“Yes, Nancy Brown,” continued Belle, growing angrier every moment. “You will simply be an outcast in West Haven, and I advise you to think the matter over well before you decide to join that low, common crowd, for I assure you it will be the last of you with us——”

Billie was so aghast at the insolence of the spoiled girl that she did not attempt to interrupt the rush of words which seemed to flow from her lips without any effort whatever. She was very angry herself, as a matter of fact, but with the self-control she had learned from her father, she determined to hold her peace until Belle had run down, as she expressed it later to the other girls.

At last there came a pause, and Billie, who had been sitting on the window ledge in the gymnasium swinging her feet and thinking of what she was going to say when she was entirely prepared to speak, slipped down to the floor and stood before the enraged girl like a brave soldier in the face of battle.

But this was all she said, for Billie was really very much like a boy.

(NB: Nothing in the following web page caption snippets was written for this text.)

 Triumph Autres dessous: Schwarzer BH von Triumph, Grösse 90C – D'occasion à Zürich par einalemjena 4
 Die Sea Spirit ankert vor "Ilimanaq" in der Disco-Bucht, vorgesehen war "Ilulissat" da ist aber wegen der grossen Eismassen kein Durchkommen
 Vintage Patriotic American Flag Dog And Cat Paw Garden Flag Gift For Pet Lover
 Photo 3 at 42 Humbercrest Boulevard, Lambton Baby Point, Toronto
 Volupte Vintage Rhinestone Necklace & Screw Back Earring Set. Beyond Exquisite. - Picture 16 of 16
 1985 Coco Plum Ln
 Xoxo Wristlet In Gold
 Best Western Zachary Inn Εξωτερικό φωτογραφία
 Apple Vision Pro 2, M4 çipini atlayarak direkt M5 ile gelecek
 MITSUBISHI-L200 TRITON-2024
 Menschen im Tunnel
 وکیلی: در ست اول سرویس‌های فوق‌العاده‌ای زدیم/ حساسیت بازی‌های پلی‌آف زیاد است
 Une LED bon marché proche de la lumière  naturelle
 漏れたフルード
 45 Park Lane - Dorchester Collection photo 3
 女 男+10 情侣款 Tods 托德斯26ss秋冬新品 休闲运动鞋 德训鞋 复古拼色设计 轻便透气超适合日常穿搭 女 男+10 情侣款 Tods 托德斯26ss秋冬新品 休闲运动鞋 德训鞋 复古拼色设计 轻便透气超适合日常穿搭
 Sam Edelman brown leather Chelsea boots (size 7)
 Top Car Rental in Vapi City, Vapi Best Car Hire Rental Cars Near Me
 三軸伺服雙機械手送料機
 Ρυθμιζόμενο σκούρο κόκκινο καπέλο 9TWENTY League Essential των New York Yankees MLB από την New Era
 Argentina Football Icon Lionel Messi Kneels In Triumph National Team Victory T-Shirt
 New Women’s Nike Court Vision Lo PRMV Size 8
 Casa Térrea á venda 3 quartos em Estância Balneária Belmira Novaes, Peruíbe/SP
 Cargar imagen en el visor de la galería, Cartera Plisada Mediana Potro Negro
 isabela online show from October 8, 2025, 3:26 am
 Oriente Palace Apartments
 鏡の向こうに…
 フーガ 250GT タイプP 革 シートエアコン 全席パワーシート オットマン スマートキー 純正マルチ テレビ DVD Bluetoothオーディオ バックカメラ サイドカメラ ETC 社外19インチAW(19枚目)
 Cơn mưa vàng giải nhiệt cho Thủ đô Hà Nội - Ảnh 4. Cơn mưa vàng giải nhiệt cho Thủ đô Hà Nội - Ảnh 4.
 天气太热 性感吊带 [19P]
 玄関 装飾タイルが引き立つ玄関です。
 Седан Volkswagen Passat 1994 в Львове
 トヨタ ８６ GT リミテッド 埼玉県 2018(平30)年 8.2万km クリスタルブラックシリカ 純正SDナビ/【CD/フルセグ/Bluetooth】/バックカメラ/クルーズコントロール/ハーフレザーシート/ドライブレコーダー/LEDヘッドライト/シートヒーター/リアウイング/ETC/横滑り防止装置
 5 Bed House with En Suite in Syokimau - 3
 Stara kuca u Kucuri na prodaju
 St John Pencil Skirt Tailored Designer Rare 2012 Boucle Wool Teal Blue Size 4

“I don’t think it is any honor to join your club, or go with you and your friends. I wouldn’t give up Mary and Nancy and Elinor for twenty Mystic Sevens. I’d rather go to boarding school any day, and that’s about the worst fate that could happen to me.”

Then she turned on her heel and walked away, leaving Belle in the grip of a tempest of sobs and tears. Such rages are quite like the West Indian storms which sweep up the coast with a great blowing of wind and then, after a tremendous roar of thunder, the downpour follows.

That night in her pretty chintz-hung bedroom in the beautiful Rogers house, which was one of the show places of West Haven, Belle Rogers planned her revenge. Her temples were throbbing and her whole body ached with exhaustion. Tempers are really quite as devastating to the system as the West Indian tornadoes are to the country over which they sweep.

“I’ll get even with that rough tom-boy,” she said out loud. “I’ll pay her back if it takes all winter to do it. I’ll make her sorry she ever came to West Haven, and I’ll make the others pay, too. They’ll see what it means to interfere with me and my plans. Perhaps papa will give me a motor car, only I’m afraid of the things, and I never could run one. My hands are much too small and delicate to handle machinery.”

“Belle, darling, do you feel any better?” asked Mrs. Rogers, anxiously, outside the door.

Belle made no reply. It was her custom to pretend to be asleep when she wished to be alone, and she wished now to spend a long uninterrupted evening to herself, for her thoughts were very busy. A plan had come into her head. It had sprung up suddenly, full-grown, as if it had been secretly hatching in the bottom of her mind for a long time and now appeared a matured scheme.